Students from USM’S Department of Nutrition and Food Systems will provide the final nutrition education session to parents and teachers participating in the Healthy Hawkins program on March 29 .
The Healthy Hawkins program, a four-week course held every Tuesday in March, is an initiative promoted by The Office of Health.
Jodi Ryder, Health is Golden Initiative director, believes there is massive need for the program.
“We need to work better to educate our surrounding community about nutrition and fitness,” she said.
Through the Healthy Hawkins program, staff from the Health is Golden Initiative and students from the College of Health bring awareness to nutrition and fitness, and educate attendees on good nutrition and fitness choices.

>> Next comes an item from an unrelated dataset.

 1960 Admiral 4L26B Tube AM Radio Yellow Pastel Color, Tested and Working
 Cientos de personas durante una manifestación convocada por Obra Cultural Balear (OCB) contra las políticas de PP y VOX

Although attendance has not been close to what was originally expected, the response from those who have participated has been positive.
“I feel that they’ve received very usable knowledge,” Ryder said.
Participants learned how to eat well on a budget. They went shopping with $10 and made healthy choices like fresh fruits and vegetables.
“It became a mini-competition,” said USM instructor LaShaundrea Crook. “They really enjoyed that.”
Although the Healthy Hawkins program will soon end, there is speculation that similar programs will be introduced in the fall.
“Right now, we’re just talking to adults, but one of the Hawkins Elementary coordinators asked if our dietetic students were interested in coming back and offering it to the students in the classroom and we think we can,” Crook said.
Mississippi is one of only six states that require physical education in every grade. Yet according to data from the President’s Council on Fitness, only one in three children are physically active every day. Additionally, only one in three adults receive the recommended amount of physical activity each week, more than 80 percent of adults do not meet the guidelines for both aerobic and muscle-strengthening activities and more than 80 percent of adolescents do not do enough aerobic physical activity to meet the guidelines for youth.
The council’s statistics regarding nutrition and obesity are just as dire: The number of fast food restaurants has more than doubled since the 1970s, and in 2008, an estimated 49.1 million people, including 16.7 million children, experienced food insecurity – or limited availability to safe and nutritionally adequate foods – multiple times throughout the year.